Gerda Idun watched her counterparts take off down the corridor, their haste a response to the urgency in Captain Picard’s tone.

And they weren’t the only ones. Refsland and his companions had taken off as well, albeit in the opposite direction. Though they weren’t required to appear on the bridge, they had their own stations to worry about.

Before she knew it, she was on the move as well, pulled along by Lieutenant Joseph. “Let’s go!” he told her.

“Where?” Gerda Idun asked, following him down one corridor and then another.

“To security,” he told her. “It’s not far from here.”

She didn’t have to ask Joseph why he needed to go there. As acting head of that section, he would be charged with directing any emergency procedures.

Gerda Idun wondered what he would do with her. After all, security was a strategically sensitive location, and her chaperone had studiously kept her away from such places.

But more than that, she wondered about Gerda. Though the navigator’s feelings about Refsland had [155] obviously been building for some time, her behavior had been inexcusable—at least, by Gerda Idun’s standards.

And the way Gerda had left the gym after her sister sparred with Gerda Idun ... that was strange as well. Was she always so volatile? And if so, why wasn’t Idun like that?

Before she could venture an answer, something happened—something big and bright and much too loud, as if a thousand people were shrieking all at once.

Then it stopped. Everything stopped. And somehow, an impossibly long time later, it started again.

Propping herself up on an elbow, Gerda Idun opened her eyes. Her ears were ringing, her head felt like it was stuffed solid with cotton, and she felt pain when she tried to move—lots of it.

Yet a moment’s inspection told her she was still intact. It was more than she could say for her surroundings.

Looking around her, Gerda Idun saw a corridor swiftly filling with smoke, and a spray of sparks coming from one of the bulkheads. Obviously, the aliens had scored a direct hit on the Stargazer—maybe even breached the hull.

Ihave to find a more secure part of the ship, she told herself. If the aliens pounded away again at the same place, she would be a goner.

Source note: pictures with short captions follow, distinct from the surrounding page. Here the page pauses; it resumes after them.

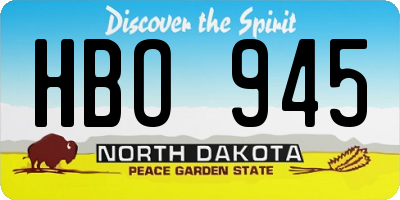 ND license plate HBO945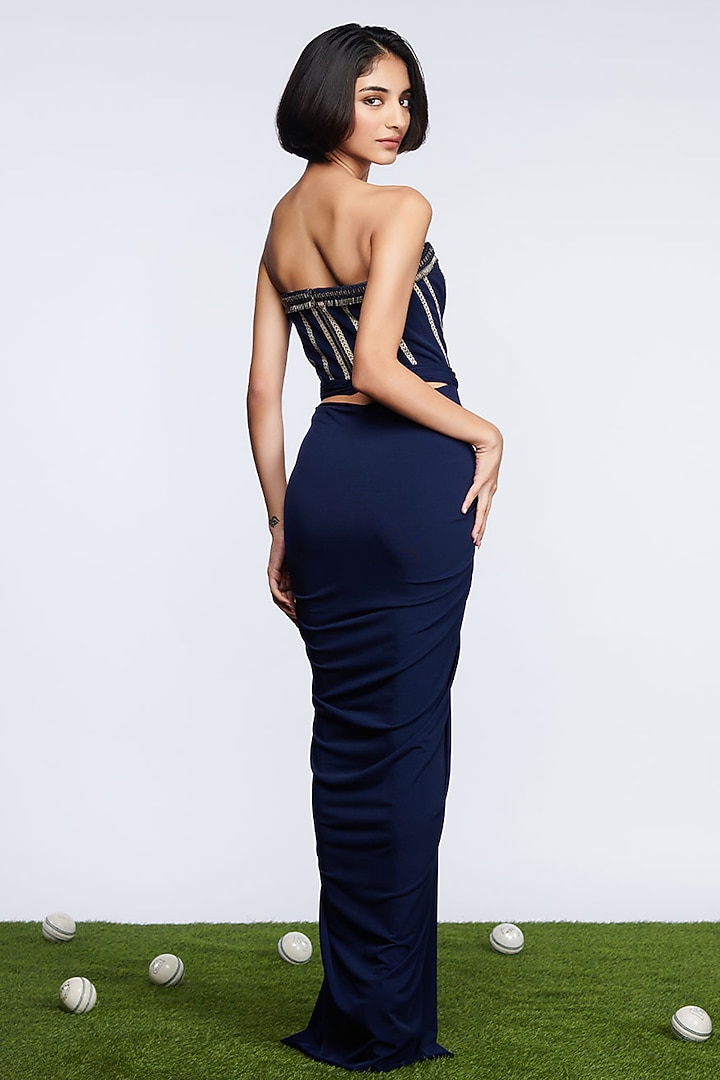 Navy Blue Poly Jersey Draped Gown by S&N by Shantnu Nikhil at Pernia's Pop Up Shop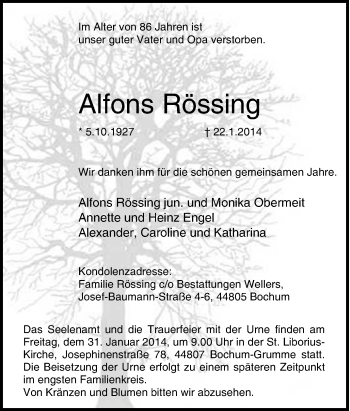 Traueranzeige von Alfons Rössing von Tageszeitung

Gerda Idun had already taken several steps down the corridor when she remembered that she wasn’t alone. Joseph, she thought. Where was he?

She scanned the corridor in both directions, but couldn’t find any sign of him in all the fumes. Had the security officer already gotten out of there on his own?

[156] No, she insisted silently. Not if he was anything like the Pug Joseph in her universe. More likely, he was lying on the deck somewhere, injured—or worse.

With that in mind, Gerda Idun started searching for him, waving her arms as she waded through the increasing billows of smoke. She found herself gagging on the stuff, but there was no way to avoid it—not if she wanted to find the security officer.

Damn, she thought. The corridor was only so big, and the blast could have carried him only so far. Where could he be?

Her eyes burning, she made her way back and forth from bulkhead to bulkhead, methodically covering as much ground as she could. If Joseph was there, she told herself, she would eventually stumble over him.

But it was rapidly becoming harder for Gerda Idun to breathe. Her throat and chest already felt like they were on fire, and it was only going to get worse. She estimated that she had another thirty seconds—no more—before she succumbed to the smoke and lost consciousness.

It didn’t matter. She couldn’t leave without Joseph.

Suddenly, she caught a glimpse of something red and black and low to the floor. But it was only for a moment. Then the smoke roiled over it.